Calls for more police stations in Western Cape

File picture: Itumeleng English/African News Agency (ANA)

File picture: Itumeleng English/African News Agency (ANA)

Published Dec 8, 2019

Share

Community policing forums have decried the deplorable state of some police stations in the province, calling for the government to rework policies to ensure the provision of decent workable spaces.

According to the SAPS annual report released to the Western Cape’s standing committee on community safety, there are three building projects in the planning and design stages for new police stations for the province - Samora Machel, Makhaza and Tafelsig.

Makhaza has been on a waiting list for a police station since the release of the Khayelitsha Commission of Inquiry into policing five years ago. Tafelsig has also been on the list for many years.

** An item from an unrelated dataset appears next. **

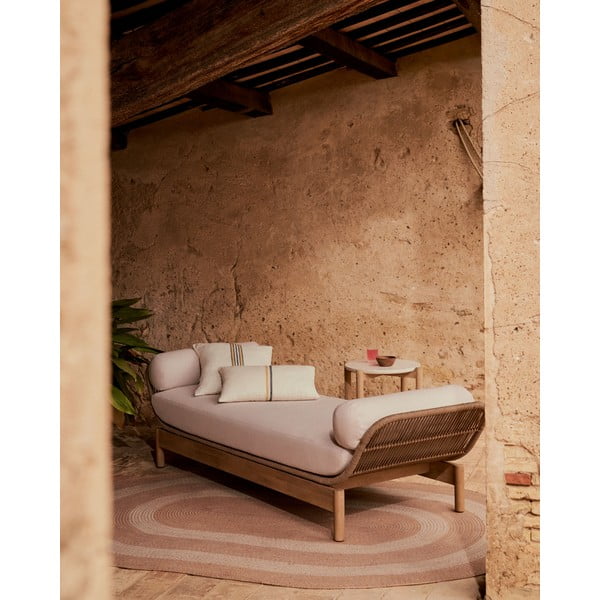 Vrtni kavč iz masivne akacije v kremno beli in naravni barvi Catalina – Kave Home-image-1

Also on the list are stations

such as Kleinvlei, Gugulethu, Lingelethu West and Lwandle, whose operations are conducted in shipping containers which community leaders have labelled as “unsafe”.

Last month, residents in Site C, Khayelitsha also staged a protest demanding a police station be built in the crime-ridden area.

Community leaders complained that the mobile police station that was set up in their area three years ago had since disappeared a year ago.

Other communities have also been crying out for better facilities.

This comes as the building housing the Goodwood police station is going under auction on Wednesday for

R5.8 million.

According to the Rawson Property website where the building is listed, the Department of Public Works, who are tenants, are paying R59 216 a month for the lease.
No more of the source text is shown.